When we recently took a poll on how you were feeling about your body, the results were at first saddening. In the comments, the stories you shared were unbelievable: How could so many young women so clearly not overweight feel that they were? And how could those who admitted to being overweight feel so crippled by self-hatred that they felt unable to start taking better care of themselves? But that initial sadness turned to anger and the anger turned to action.
We, as women, have got to stop hating on our bodies. It’s not something that can be accomplished instantly or in one blog post; we’ve consumed too many negative messages over too long a period of time to expect to undo the damage instantly. But this is serious, and it’s not just vanity. This is a kind of oppression that we willingly engage in. Think of all the brain power 51% of the population is wasting worrying that our thighs are too fleshy. That is brain power that could be applied to something magnificent, like writing the next great American novel or studying animal populations. It’s also energy we could use to improve our lives and the lives of others in smaller but equally significant ways on a daily basis. So how do we begin to change the way we see ourselves and other women? This is an ongoing conversation, and one we need you to contribute to; here are some ways to get started.

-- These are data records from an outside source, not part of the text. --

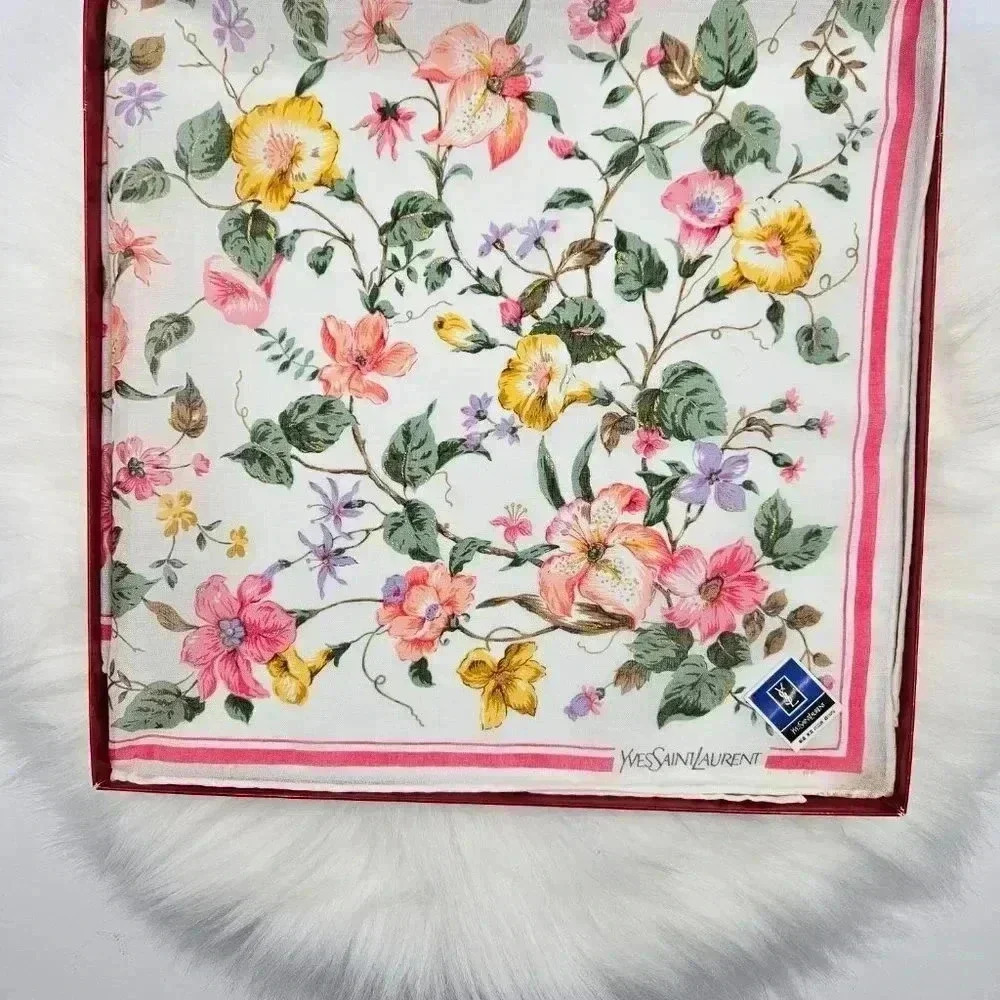 YS Floral Pattern Design Neckerchief - Picture 5 of 7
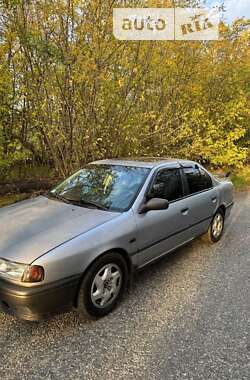 Седан Nissan Primera 1991 в Дніпрі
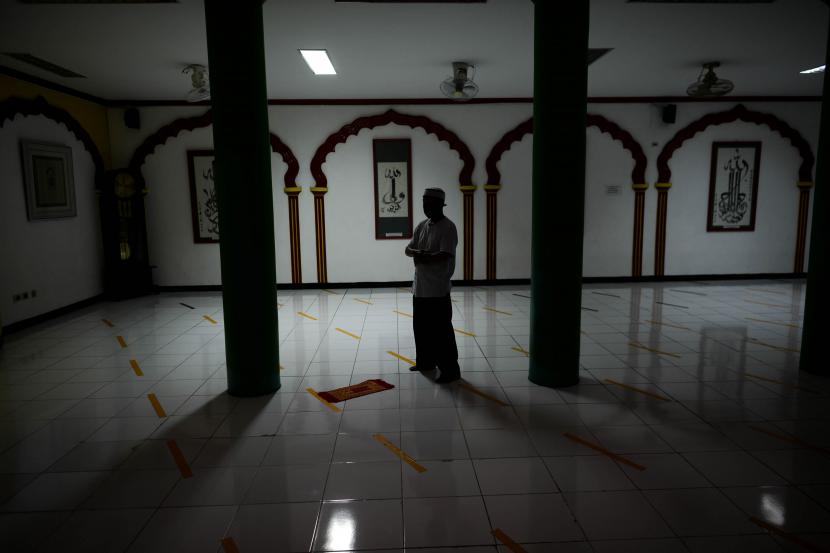 Pengurus masjid melaksanakan shalat di Masjid Lautze di Jalan Lautze, Sawah Besar, Jakarta.
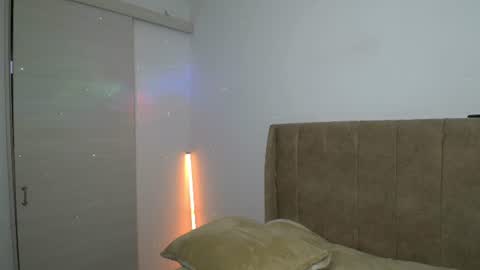 Snapshot of dilan_coy chatting on June 20, 10:34 pm Dilan Coy online show from June 20, 10:34 pm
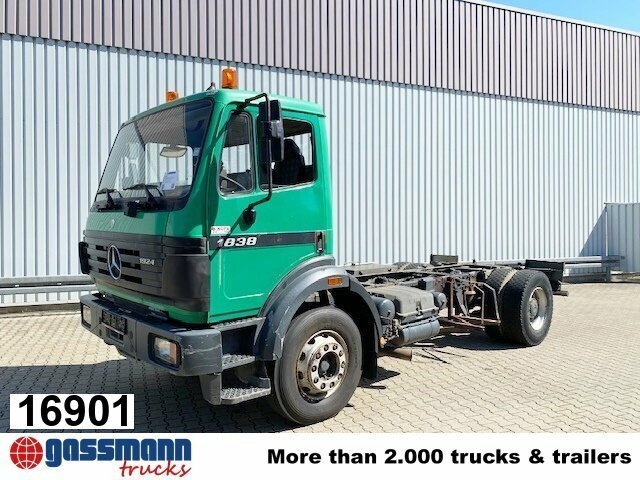 Mercedes-Benz SK 1924 L 4x2 - شاحنة ذات خطاف: صورة 1 Mercedes-Benz SK 1924 L 4x2 - شاحنة ذات خطاف: صورة 1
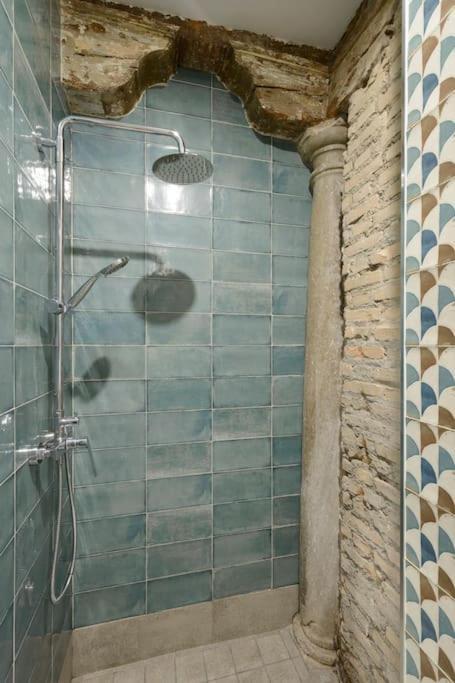 Ayres Granada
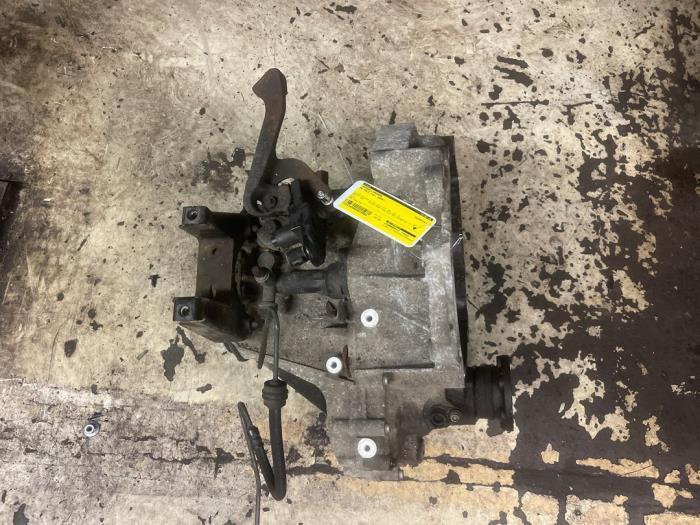 Versnellingsbak van een Volkswagen Polo, Auto-onderdelen, Transmissie en Toebehoren, Volkswagen, Gebruikt, 3 maanden garantie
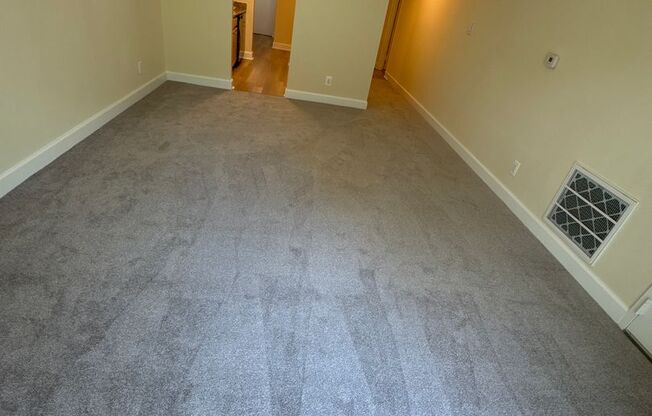 1 bed, 1 bath, 745 sqft, $1,750, Unit 14204 #A1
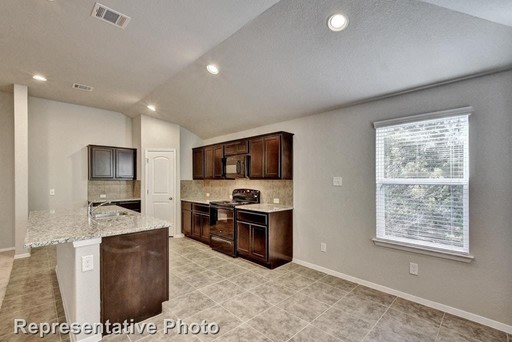 21607 Surrey Lane, Lago Vista, TX 78645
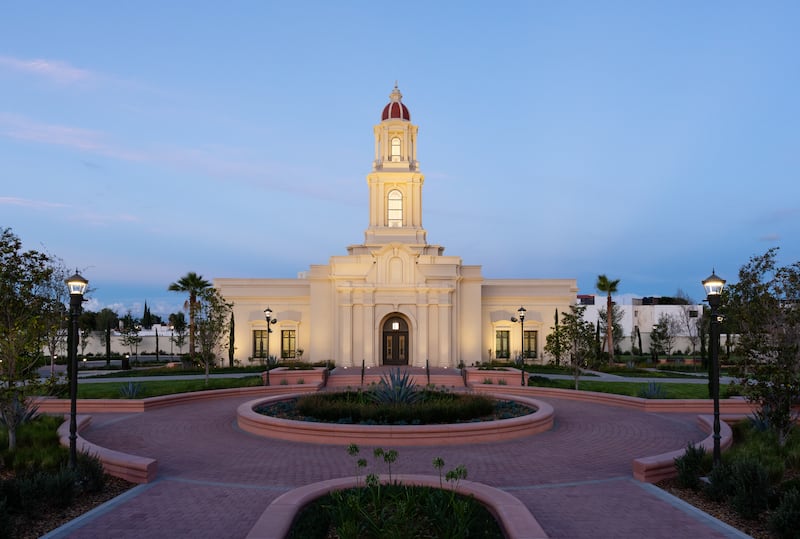 Le temple de San Luis Potosí (Mexique) au crépuscule.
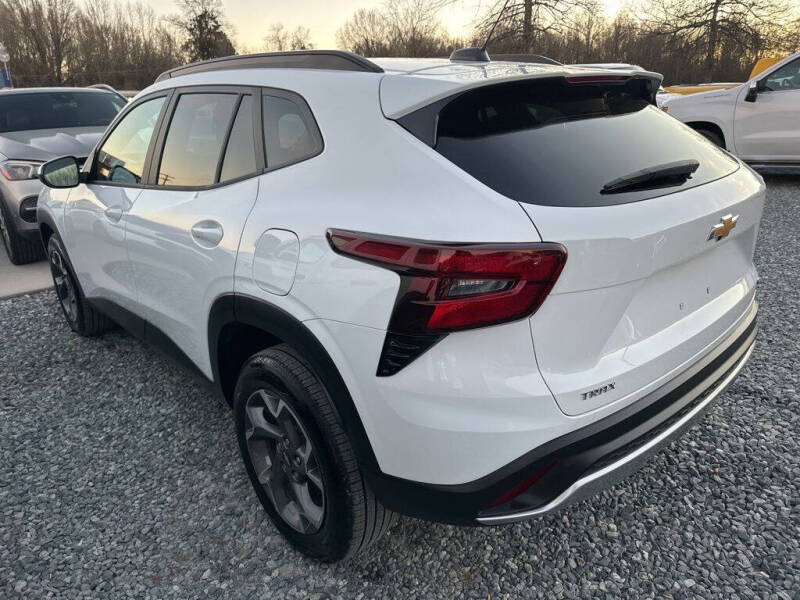 2025 Chevrolet Trax LT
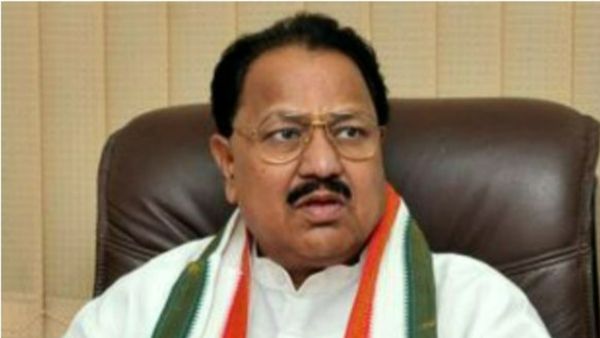 D Srinvias: విషమంగా డీ శ్రీనివాస్ ఆరోగ్యం.. ఐసీయూలో చికిత్స..!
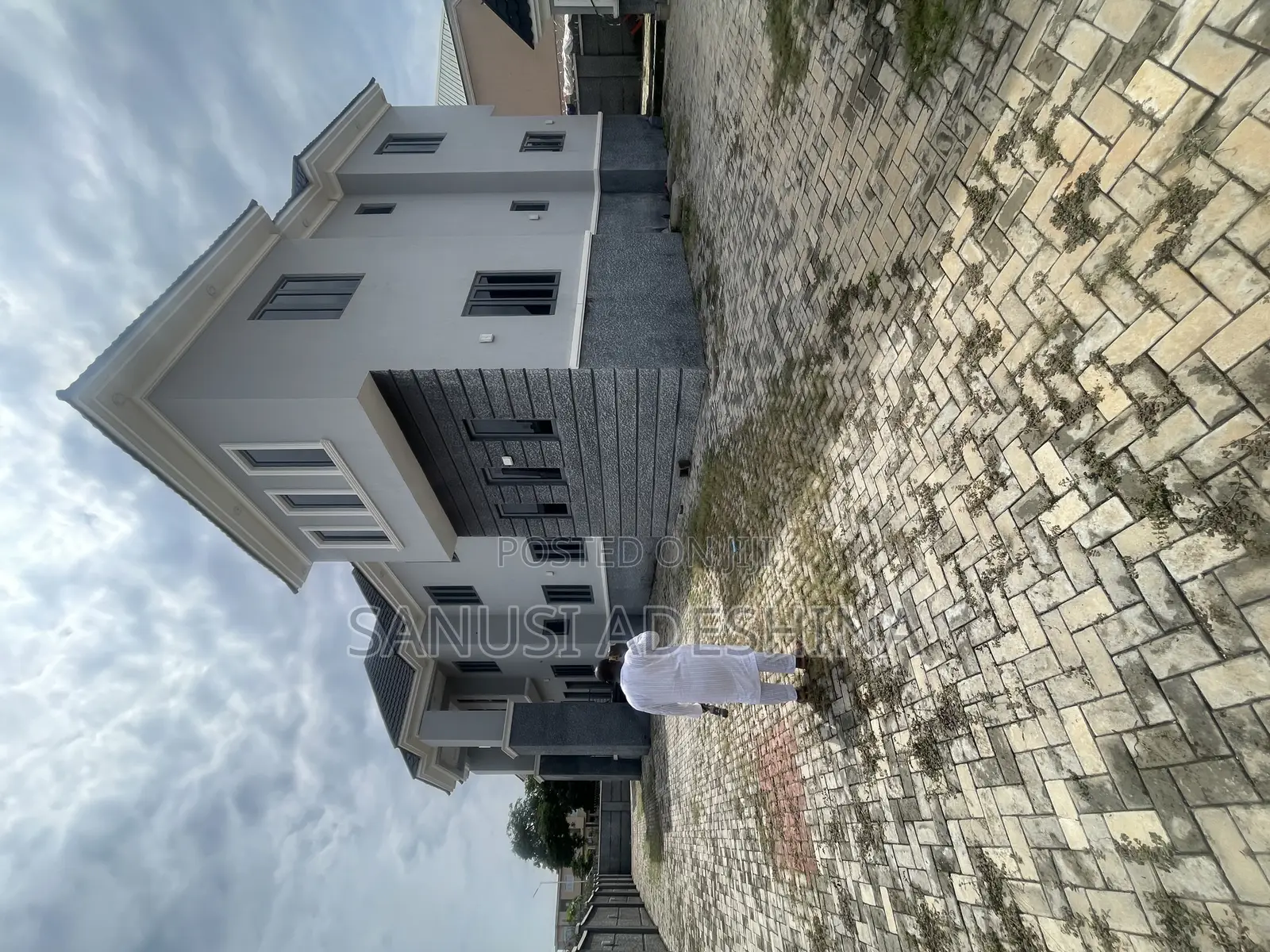 8bdrm Duplex in Life Camp,Fct Abuja for sale in Life Camp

Decide that you’re beautiful
This suggestion comes directly from the great Victoria Moran in her book Creating a Charmed Life. Since there is no empirical standard of beauty (it’s in the eye of the beholder, remember?), behold yourself as a beauty. “Great-looking people have an undeniable advantage. I find that the most sensible answer to this apparent inequity is to be a great-looking person.” Your quirks and individuality can be part of your beauty, whether you’re a no-make-up or to-the-nines kind of gal. Decide that you’re beautiful and care for yourself accordingly — by making the most of your assets, keeping yourself well-groomed, and tending to your soul by taking time for yourself and doing working you believe in. “And smile a lot,” writes Moran, “so when you get lines on your face, they’ll point up.” Remind yourself that you’re beautiful until you believe it. “Once you do, other people will believe it, too.”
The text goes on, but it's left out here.